C’est une menace à laquelle le gouvernement commence à être habitué. Lundi 14 avril, les responsables du Rassemblement national (RN) et de La France insoumise (LFI) se sont dits prêts à voter une motion de censure sur la prochaine loi de finances si la potion concoctée par Bercy et Matignon se révélait trop amère. Dimanche, le ministre de l’Economie et des Finances, Eric Lombard, a chiffré l’«effort supplémentaire» à «40 milliards d’euros» pour le budget 2026.
«Si l’idée c’est de demander aux Français de se serrer la ceinture une fois de plus, sans que l’Etat lui-même ne fasse des économies en matière d’immigration, de train de vie de l’Etat et des collectivités, eh bien nous nous emploierons à le censurer», a ainsi prévenu le vice-président du RN Sébastien Chenu sur Europe 1 et CNews.
Analyse
«Nous sommes prêts, dans les prochains jours, à déposer une nouvelle motion de censure», a renchéri le coordinateur de LFI, Manuel Bompard, sur BFM TV et RMC. «Mais comme nous n’avons pas des motions de censure de manière illimitée, nous ne sommes prêts à déposer cette motion que si on a une garantie qu’au moins les députés de gauche la votent», a-t-il ajouté, en visant les socialistes. Ces derniers n’avaient pas voté les motions de censure déposées par LFI début février, après le déclenchement de deux 49.3 par le Premier ministre, François Bayrou, sur le projet de loi de finances (PLF) 2025 et le budget de la Sécurité sociale (PLFSS).
Cette fois, en l’absence de contribution des plus aisés, «oui, il y aura censure», a assuré Olivier Faure ce lundi soir, sur le plateau de BFMTV. Car, selon lui, la pérennisation de la contribution différentielle sur les plus hauts revenus (CDHR), avancée par Eric Lombard, «ne suffit pas», «ce n’est pas à la hauteur du moment». Le Premier secrétaire du Parti socialiste a rappelé la taxe Zucman, votée par les députés mais pas les sénateurs, qui pourtant «rapporterait beaucoup plus».

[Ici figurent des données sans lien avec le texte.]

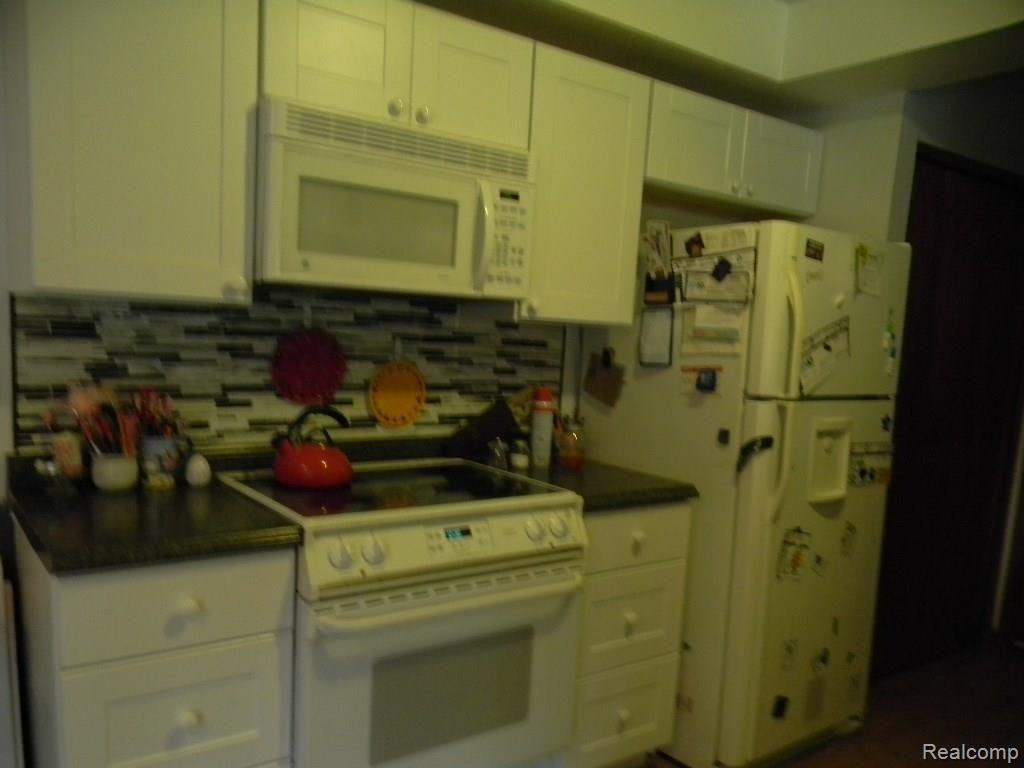 270 Brewster Road Rochester, MI 48309 - Photo 10 of 19 Remodeled in 2013!!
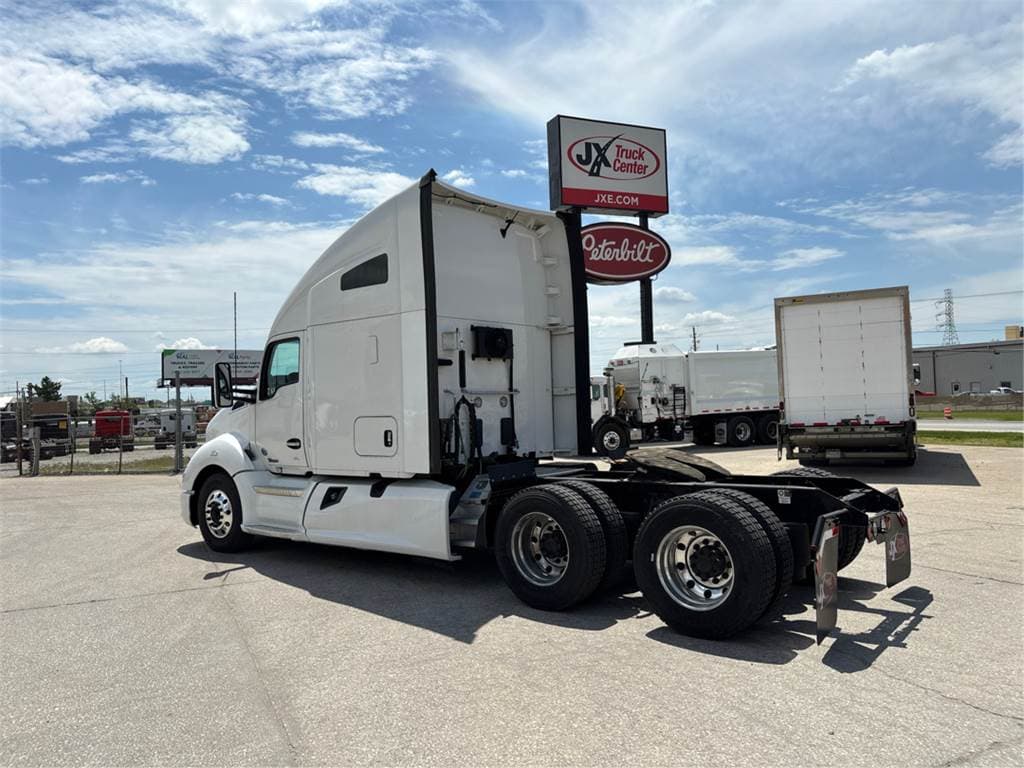 2021 Kenworth T680 image 2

«Il faut que cet effort soit soutenable ou calibré»
Dimanche, Eric Lombard avait également précisé que le gouvernement excluait toujours des hausses d’impôts et, donc, que cet «effort» passerait «essentiellement» par des économies, afin d’atteindre son objectif de déficit public de 4,6 % du PIB en 2026. «Nous ferons les ajustements qu’il faut. […] Il est hors de question d’augmenter les impôts», avait assuré le ministre, préparant le terrain au chef du gouvernement. Ce mardi, François Bayrou organise ainsi à Matignon un premier «comité d’alerte du budget», suivi d’une conférence de presse, destinés à alerter «les Français» sur ce que le Premier ministre estime être les «pathologies» financières du pays. 40 milliards d’euros, «c’est une marche très haute, mais nous n’avons pas le choix, c’est une affaire de souveraineté», a poussé le président du groupe Modem, Marc Fesneau, sur la matinale de Public Sénat, lundi.

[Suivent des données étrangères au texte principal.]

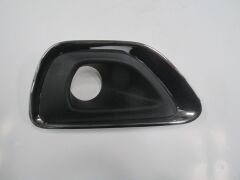 JEEP CHEROKEE- GRAND- 13/16; SİS LAMBA KAPAĞI SOL SİS DELİKLİ (NİKELAJ ÇERÇEVELİ) (TW) 68143079AB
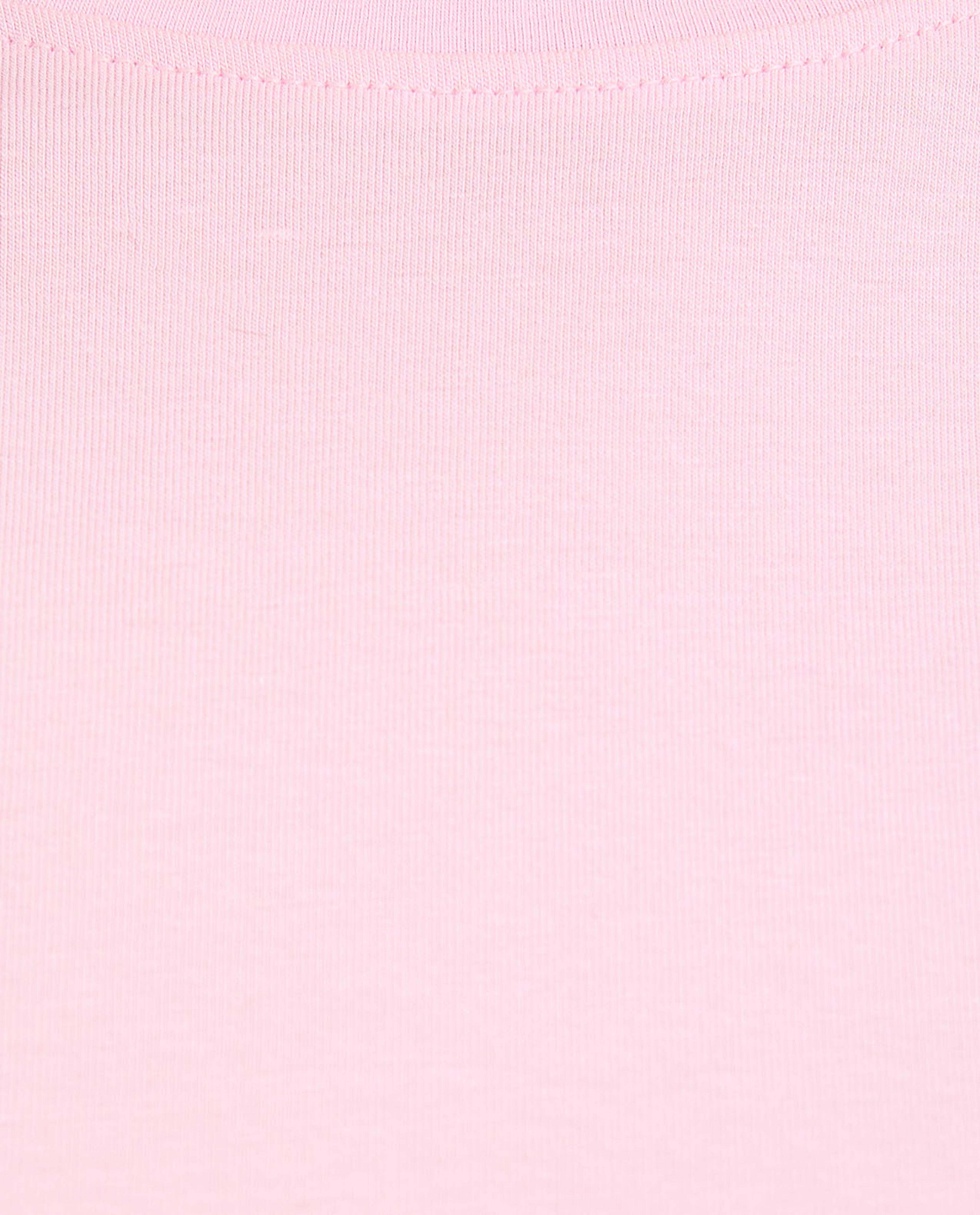 تيشيرت سادة بياقة مستديرة وأكمام قصيرة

Cet objectif d’économies est vivement critiqué à gauche pour son impact possible sur la croissance, déjà affaiblie par le contexte autour des droits de douane américains. «Cela ne sert à rien d’annoncer des objectifs dont on sait qu’on aura des difficultés à les atteindre, sauf à faire des impôts massifs ou des économies récessives, a ainsi jugé l’ancien Premier ministre socialiste Bernard Cazeneuve sur France 2. La fiabilité de la signature de la France, ça suppose qu’on fasse un effort, mais il faut que cet effort soit soutenable et calibré de telle manière à ne pas aboutir à une récession supplémentaire de celle résultant du contexte international.»
Mise à jour : à 21 h 41, avec l’ajout de la déclaration d’Olivier Faure.